Desde el suceso que cambió mi vida sueño más. Eso tampoco es verdad. Siempre he sido un gran soñador, tanto con los ojos abiertos como cerrados. Lo que sucede es que últimamente tengo sueños muy extraños. Hace poco soñé que tenía un perro. Otra noche soñé que era un campeón de boxeo que acababa de perder un combate y al que el público le lanzaba sobras de una comida roñosa, en protesta por su mala actuación.

A veces, cuando estoy descansando, pienso que ese podría ser el día menos pensado. Hay una canción que dice algo similar. De cualquier manera, saben a qué me refiero: el día en que todo cambia, el día en que todo deja de cambiar.
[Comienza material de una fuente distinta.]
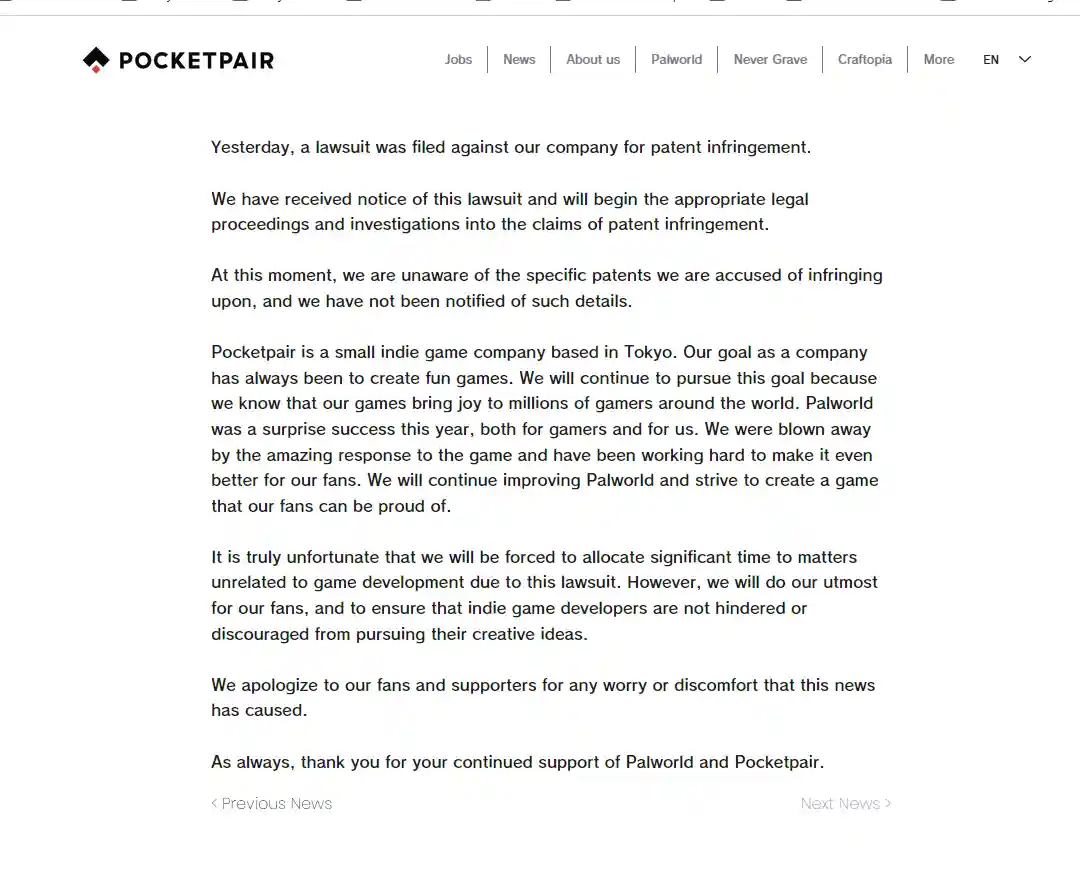 Pocketpair combatterà in tribunale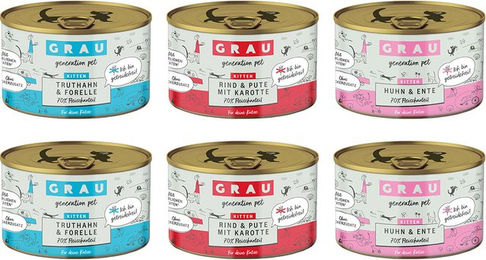 Generation Pet GRAU Kitten Mischtray Multipack 6 x 200 g getreidefrei und ohne Zucker - 6 x 200 g – Bild 1 von 2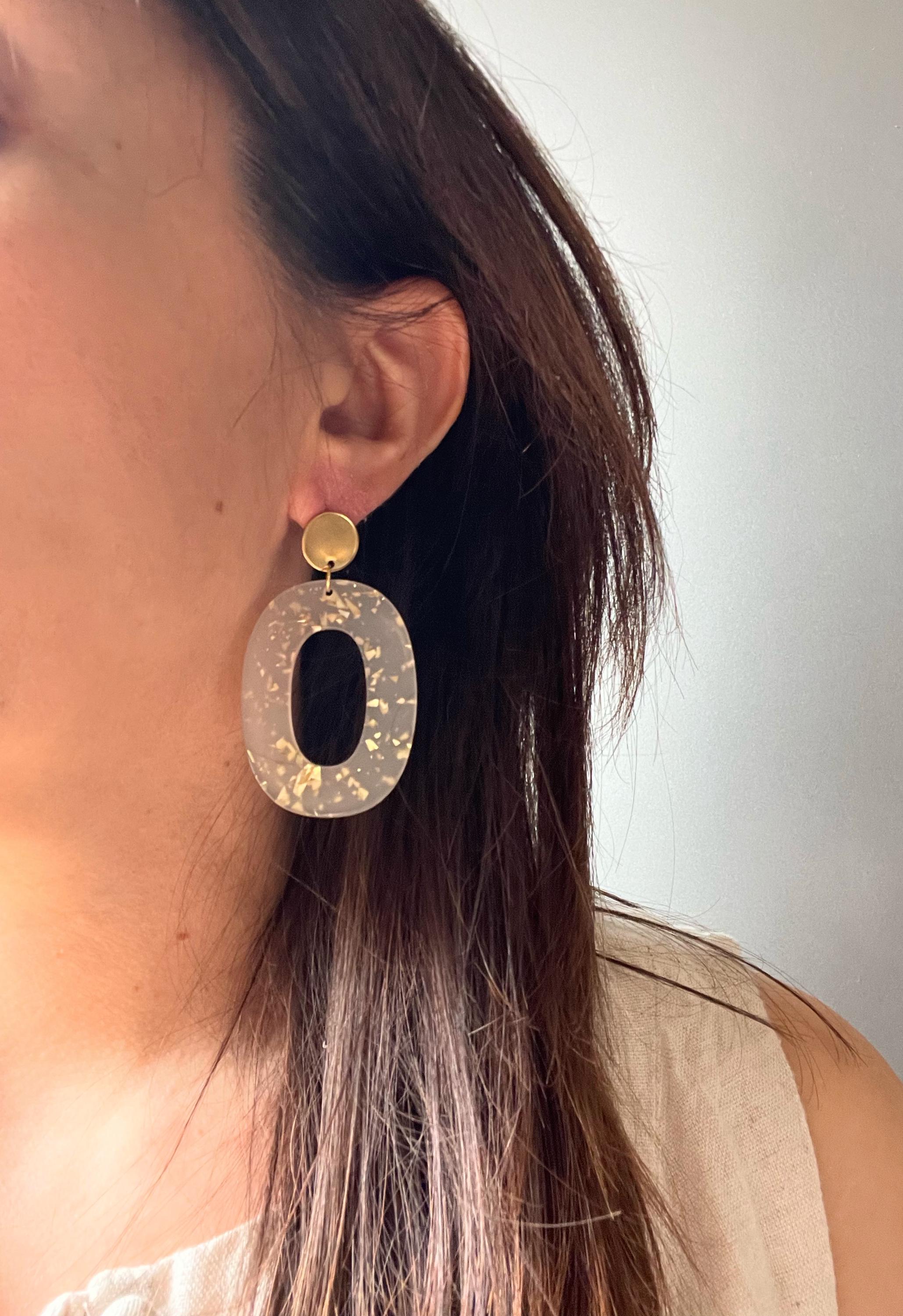 Boucles grandes pailletées dorées et transparentes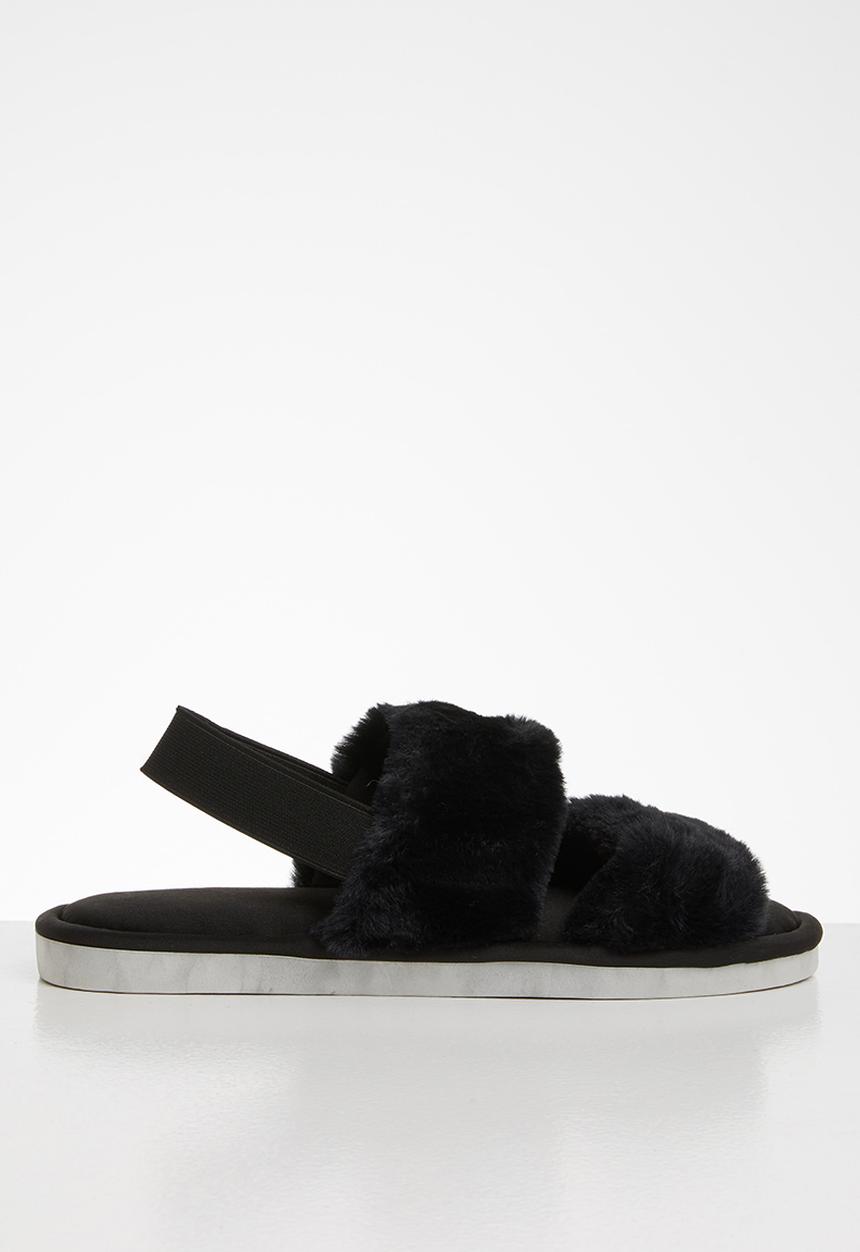 Seduction - Faux fur slipper - black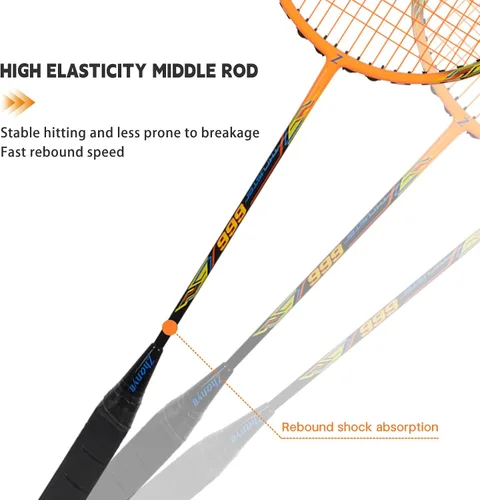 Vista 5 de Raqueta de bádminton, raquetas de bádminton, ofensivas y defensivas, ligeras de fibra de carbono de 2.65 oz de una sola pieza, moldeadas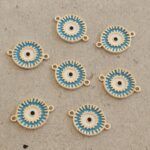 DIJE METAL OJO TURCO CONECTOR X 12 UNIDADES. (EMA 26-22)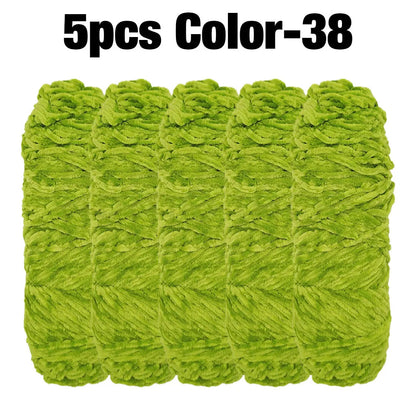 5 Rolls 100g Each Roll Premium Velvet Chenille Yarn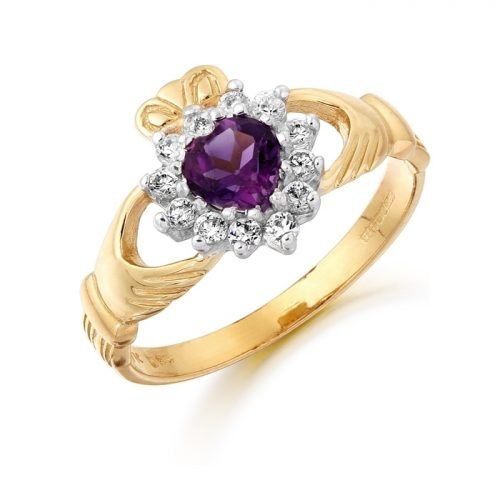 Claddagh Ring set with Amethyst in the centre and surrounded by Cubic Zirconia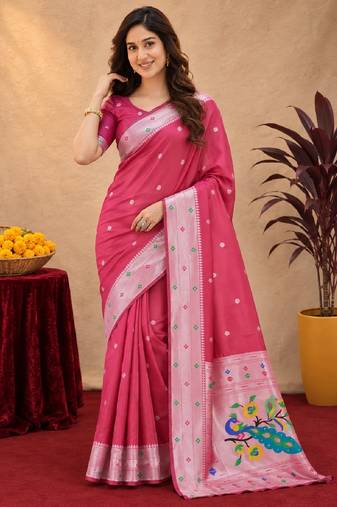 Gajri art silk blend banarasi jacuard work pethani saree with unstitched blouse piece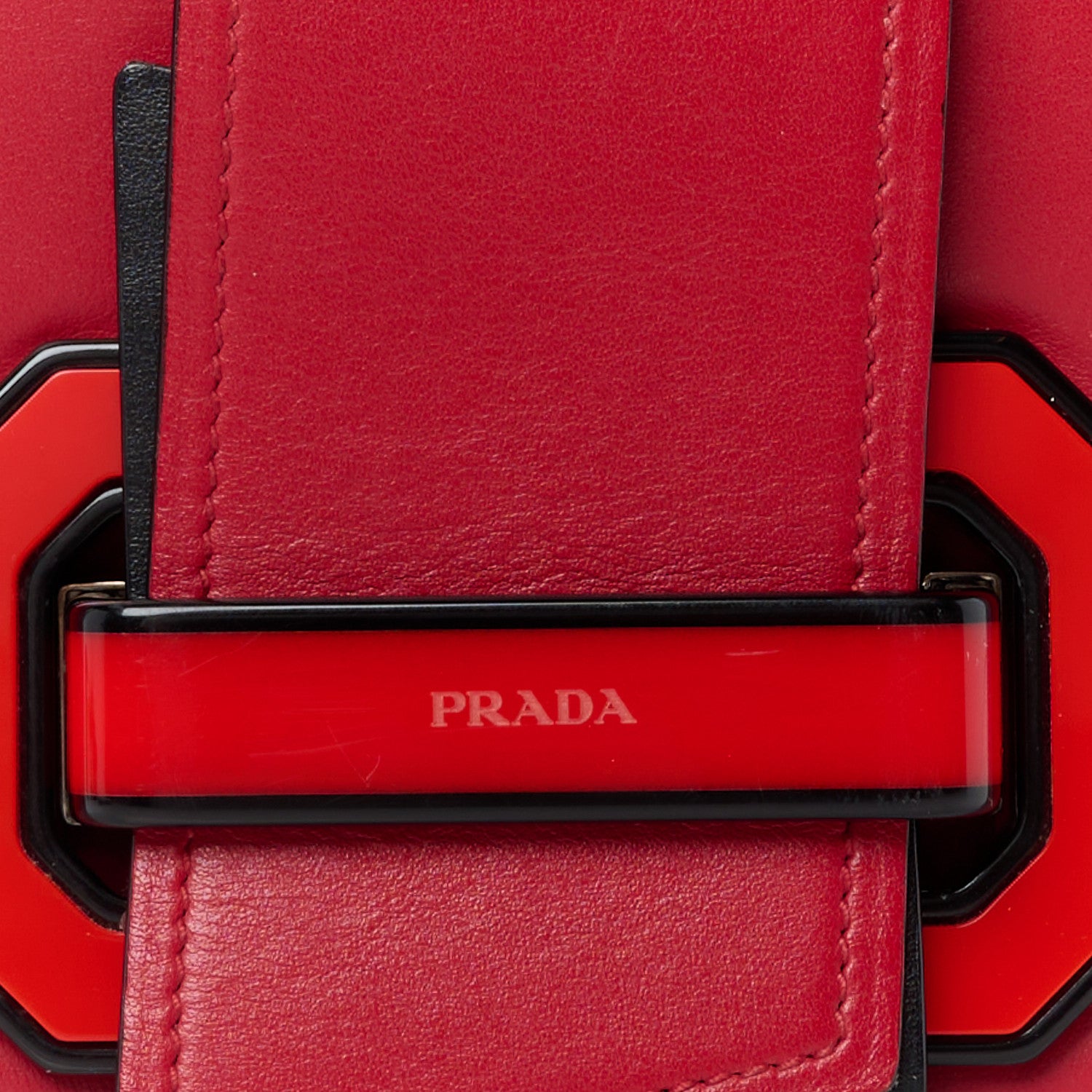 Prada City Calf Plex Ribbon Bag Red 9 of 13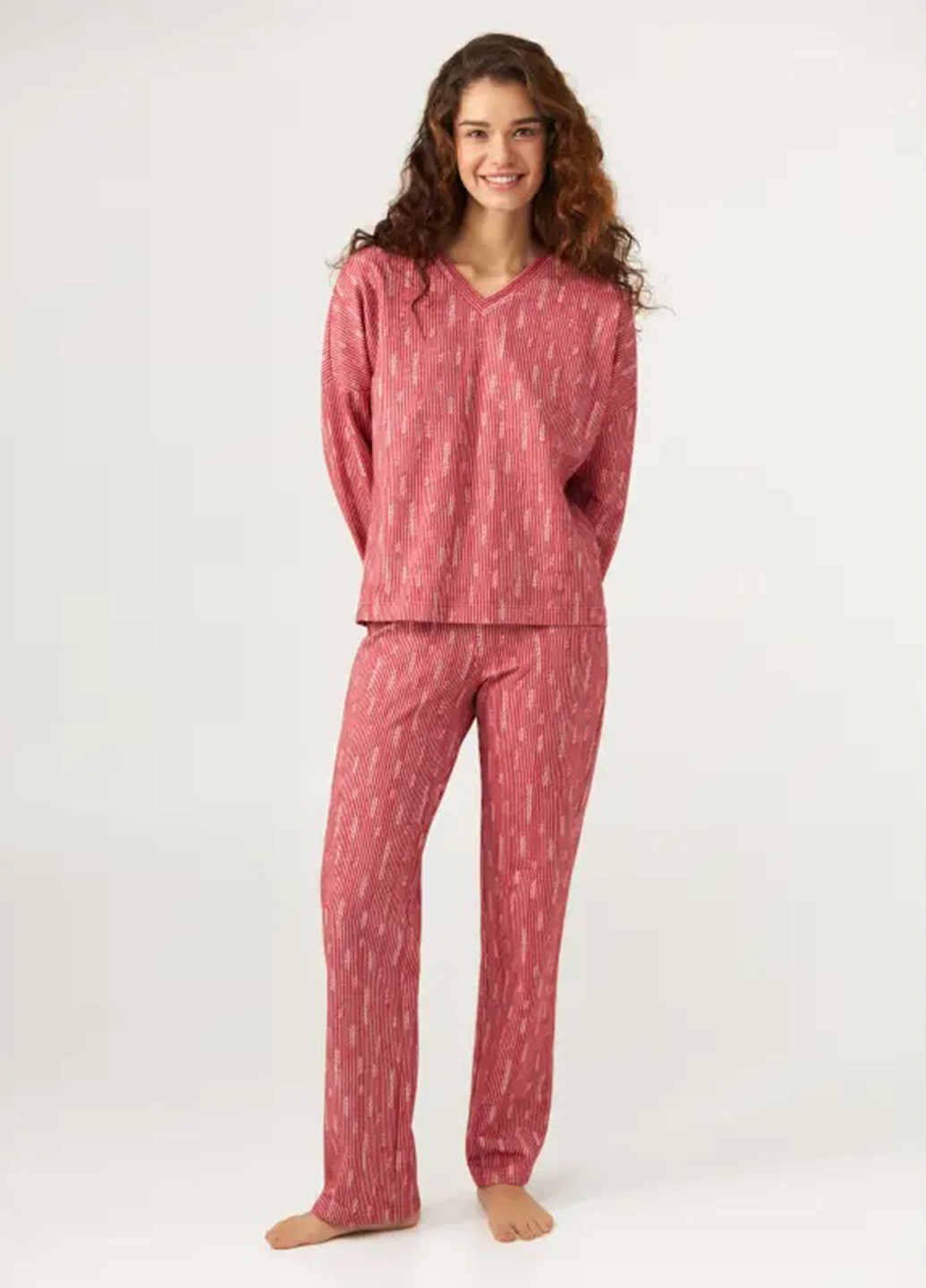 Рожева всесезон піжами (лонгслів, штани) лонгслів + брюки Ellen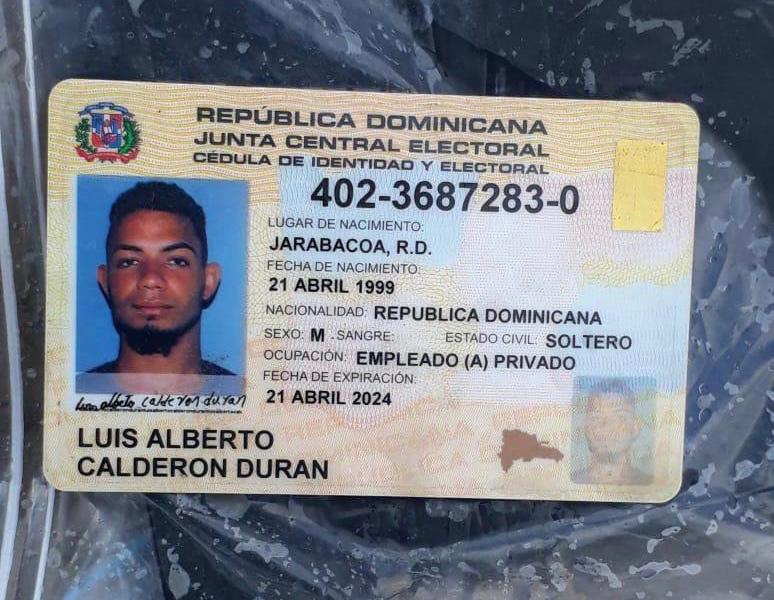 Cédula de Luis Alberto Calderón Durán, dominicano que murió en México intentando cruzar a EE.UU.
Continuamente cierro los ojos y me concentro en mi respiración, como aconsejan en las meditaciones guiadas. Inhalo y exhalo de manera consiente, percibiendo la temperatura del aire al pasar a través de mis fosas nasales y albergando la ilusión de que al abrir los ojos las cosas vuelvan a estar como antes, y que aparezcan mis horarios, mis rutinas, mis costumbres, mi escritura, mi calma. No ha sucedido aún. Yo no pierdo las esperanzas, lo que pasó, pasó de la noche a la mañana, “over night”, como dicen los americanos. Podría suceder igual en sentido contrario, ¿no es cierto? ¿Por qué no? Mientras ese día llega, yo sigo compartiendo con mi perro Tom y con mi gato Minuso los mejunjes de mi hermana. Sigo soportando las insoportables visitas de mi ex, a quien últimamente le ha dado por ser más maternal que lo que ha sido mi propia madre durante toda mi vida, y mira que mi madre me ha sobreprotegido y me ha mimado durante mis casi cincuenta años. Sigo yendo a un edifico en obras para construir algo, aunque no sepa muy bien qué es ni para qué sirve. Sigo tragándome prótesis de silicona y sigo prestando especial atención a mi respiración con la esperanza de que, al abrir los ojos, todo sea igual que antes. Porque, sin que importe lo que tú y yo creamos, los días en que todo cambia comienzan como cualquier otro, y hoy, o tal vez mañana, o la semana próxima, puede ser el día menos pensado.